We tried aizome in the museum with a piece of white cloth. We paid 600-1200 yen depending on the type of cloth used. You also need to check the times of the workshop and make a reservation before going. First, we learned how to make various patterns and shapes with simple tools like wood and marbles, or by tying and gripping the fabric (Fig 5). After that, we started building patterns and then soaked the cloth in a vat of dye several times. Finally, we washed it in cold water and dried it (Fig 6). The most breathtaking part was removing the chopsticks that held the fabric in place and unfolding it to see the final results. They were all marvelous — dazzling white circles floating on a translucent blue background like white morning glories blooming against a deep blue summer sky (Fig 7).

2- Kawagoe
The next experience was a Japanese castle town northwest of central Tokyo that should be more familiar to foreigners and tourists. Located in peaceful Saitama, Kawagoe (also known as “Ko-Edo” or “Little Edo”) is another perfect place for feeling like you’ve stepped back in time. It only takes 30 minutes by train from Ikebukuro station to Kawagoe station. “Edo” is the old name for Tokyo, and the Edo period (1603-1867) is an important part of Japan’s history. But what exactly awaits you in this traditional town? When I reached Kawagoe with my friends, we saw many unique old buildings that seemed to be a combination of black and gray — something that I had never noticed in Tokyo. Some are houses that survived a great fire in 1893, now mostly converted into shops and restaurants. There are lively and crowded streets with lots of people walking on both sides to browse traditional crafts, miscellaneous shops, souvenirs, and delicatessens. You will even see a Starbucks designed in the old style of Kawagoe’s “kurazukuri” houses which perfectly blends in with the atmosphere!
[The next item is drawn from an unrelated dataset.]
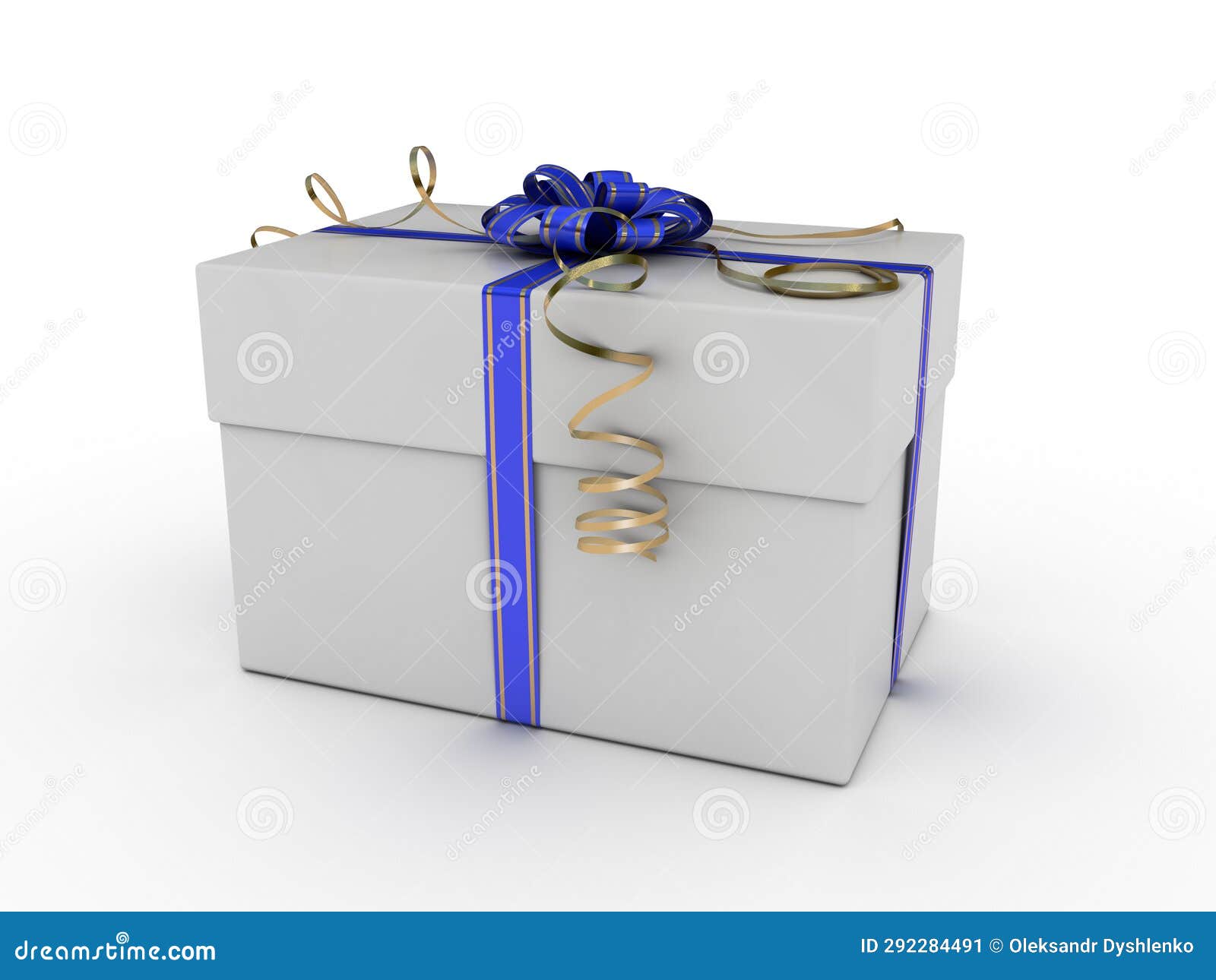 Gift Box with a Blue Bow 3d Render Isolated on White Background Stock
As we walked, we noticed a majestic bell tower (“Toki no Kane”) which has burnt down several times in the past and is probably the most iconic symbol of Kawagoe. We asked about the history and discovered that the story goes back to a merchant who rebuilt the tower before rebuilding their own shop because of its importance. The current one is the fourth bell to have been rebuilt.

Next, we stopped at 1500-year-old Hikawa Shrine, which has one of the largest wooden torii gates in Japan. The shrine is known for its blessings for love and marriage, and people have historically worshipped there for matrimonial and family happiness, and to the deity of matchmaking. A new experience for me was “aitai mikuji” fortune telling, which involves fishing for a sea bream-shaped “omikuji” (paper oracle) with a small rod (Fig 8). We then walked through a tunnel of “ema” (wooden prayer plates) filled with people’s wishes for love, marriage, and so on. Pinwheels were hanging all around and spinning gently, blown upon by visitors or the wind (Fig 9). Lots of girls and boys dressed in traditional kimono or haori made the atmosphere more historical, and it felt to me as a foreigner that I’d travelled a hundred years back in time and was a part of Akira Kurosawa’s marvelous films. There are other interesting things to see at Hikawa Shrine and nearby areas that require you to spend more time.

Let’s stay with the theme of calm and tranquility for a while longer and finally visit Kawagoe Castle (Honmaru Palace) for only 100 yen. There are reminders of the former castle town in various parts of the city, and you can feel history and modernity as one (Fig 10). Inside, you can walk around and feel the spirit of traditional Japan with some ancient clothing and items from the Edo period (Fig 11). In this wonderfully warm, nostalgic, and quiet place with big rooms facing a beautiful garden, we relaxed and enjoyed the sun on our faces for a little while.

It is said that without knowing history, we have to experience everything again ourselves. There is a lot to know and grasp from ancient lives and from contemplating how future generations will remember us. The journey of life is stupendous! I hope you enjoyed hearing about my experiences and found them useful for planning your own history-harvesting adventures in Tokyo.